RECORDS SHOWN —
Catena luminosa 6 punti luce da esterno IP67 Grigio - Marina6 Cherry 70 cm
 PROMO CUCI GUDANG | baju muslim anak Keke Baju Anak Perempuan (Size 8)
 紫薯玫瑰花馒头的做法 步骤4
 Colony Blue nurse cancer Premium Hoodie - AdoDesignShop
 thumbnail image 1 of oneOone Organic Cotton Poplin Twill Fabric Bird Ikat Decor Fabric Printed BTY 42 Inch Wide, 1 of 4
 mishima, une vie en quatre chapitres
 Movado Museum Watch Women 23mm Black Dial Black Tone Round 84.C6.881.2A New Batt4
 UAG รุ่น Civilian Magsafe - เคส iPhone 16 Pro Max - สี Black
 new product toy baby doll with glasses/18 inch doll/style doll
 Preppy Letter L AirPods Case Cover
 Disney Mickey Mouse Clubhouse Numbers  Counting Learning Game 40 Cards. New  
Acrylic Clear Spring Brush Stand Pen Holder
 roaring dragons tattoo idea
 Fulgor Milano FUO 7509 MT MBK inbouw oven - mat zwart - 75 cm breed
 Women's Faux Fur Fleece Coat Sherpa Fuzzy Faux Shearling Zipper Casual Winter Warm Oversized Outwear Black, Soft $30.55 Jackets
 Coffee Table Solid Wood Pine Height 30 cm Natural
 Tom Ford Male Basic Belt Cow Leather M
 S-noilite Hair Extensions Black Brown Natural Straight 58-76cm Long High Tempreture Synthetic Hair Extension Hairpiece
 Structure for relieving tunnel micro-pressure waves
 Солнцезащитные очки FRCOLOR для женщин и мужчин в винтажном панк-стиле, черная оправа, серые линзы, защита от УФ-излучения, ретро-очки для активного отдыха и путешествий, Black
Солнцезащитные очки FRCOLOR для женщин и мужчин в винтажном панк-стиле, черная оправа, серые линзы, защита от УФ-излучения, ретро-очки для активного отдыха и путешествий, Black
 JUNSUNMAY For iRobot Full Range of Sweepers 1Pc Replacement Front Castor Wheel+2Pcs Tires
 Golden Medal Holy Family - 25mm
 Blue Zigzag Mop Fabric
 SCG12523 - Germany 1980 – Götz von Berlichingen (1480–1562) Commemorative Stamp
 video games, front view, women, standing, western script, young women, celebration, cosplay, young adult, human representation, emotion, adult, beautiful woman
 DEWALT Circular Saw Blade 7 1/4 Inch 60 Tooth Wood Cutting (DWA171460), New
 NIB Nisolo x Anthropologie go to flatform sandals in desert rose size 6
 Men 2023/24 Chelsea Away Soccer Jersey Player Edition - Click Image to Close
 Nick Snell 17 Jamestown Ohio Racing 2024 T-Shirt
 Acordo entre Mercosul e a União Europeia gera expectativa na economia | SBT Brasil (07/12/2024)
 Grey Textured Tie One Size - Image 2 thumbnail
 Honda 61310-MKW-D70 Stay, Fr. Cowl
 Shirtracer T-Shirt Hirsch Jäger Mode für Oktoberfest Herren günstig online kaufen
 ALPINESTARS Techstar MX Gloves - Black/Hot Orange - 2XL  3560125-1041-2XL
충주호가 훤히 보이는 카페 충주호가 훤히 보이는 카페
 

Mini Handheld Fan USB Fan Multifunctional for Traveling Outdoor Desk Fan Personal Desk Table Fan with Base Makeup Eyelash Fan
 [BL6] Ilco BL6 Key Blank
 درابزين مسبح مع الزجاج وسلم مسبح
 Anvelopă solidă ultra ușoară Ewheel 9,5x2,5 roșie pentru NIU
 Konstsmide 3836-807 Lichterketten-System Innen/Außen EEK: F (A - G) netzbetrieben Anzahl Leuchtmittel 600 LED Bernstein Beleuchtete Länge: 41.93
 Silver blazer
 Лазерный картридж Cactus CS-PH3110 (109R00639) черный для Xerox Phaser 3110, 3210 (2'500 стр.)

TASK ITEM — Give again the lines from the line holding "SCG12523 - Germany" through the close of the listing, both included, exactly as written and with nothing else.

THE COMPLETED TASK —
 SCG12523 - Germany 1980 – Götz von Berlichingen (1480–1562) Commemorative Stamp
 video games, front view, women, standing, western script, young women, celebration, cosplay, young adult, human representation, emotion, adult, beautiful woman
 DEWALT Circular Saw Blade 7 1/4 Inch 60 Tooth Wood Cutting (DWA171460), New
 NIB Nisolo x Anthropologie go to flatform sandals in desert rose size 6
 Men 2023/24 Chelsea Away Soccer Jersey Player Edition - Click Image to Close
 Nick Snell 17 Jamestown Ohio Racing 2024 T-Shirt
 Acordo entre Mercosul e a União Europeia gera expectativa na economia | SBT Brasil (07/12/2024)
 Grey Textured Tie One Size - Image 2 thumbnail
 Honda 61310-MKW-D70 Stay, Fr. Cowl
 Shirtracer T-Shirt Hirsch Jäger Mode für Oktoberfest Herren günstig online kaufen
 ALPINESTARS Techstar MX Gloves - Black/Hot Orange - 2XL  3560125-1041-2XL
충주호가 훤히 보이는 카페 충주호가 훤히 보이는 카페
 

Mini Handheld Fan USB Fan Multifunctional for Traveling Outdoor Desk Fan Personal Desk Table Fan with Base Makeup Eyelash Fan
 [BL6] Ilco BL6 Key Blank
 درابزين مسبح مع الزجاج وسلم مسبح
 Anvelopă solidă ultra ușoară Ewheel 9,5x2,5 roșie pentru NIU
 Konstsmide 3836-807 Lichterketten-System Innen/Außen EEK: F (A - G) netzbetrieben Anzahl Leuchtmittel 600 LED Bernstein Beleuchtete Länge: 41.93
 Silver blazer
 Лазерный картридж Cactus CS-PH3110 (109R00639) черный для Xerox Phaser 3110, 3210 (2'500 стр.)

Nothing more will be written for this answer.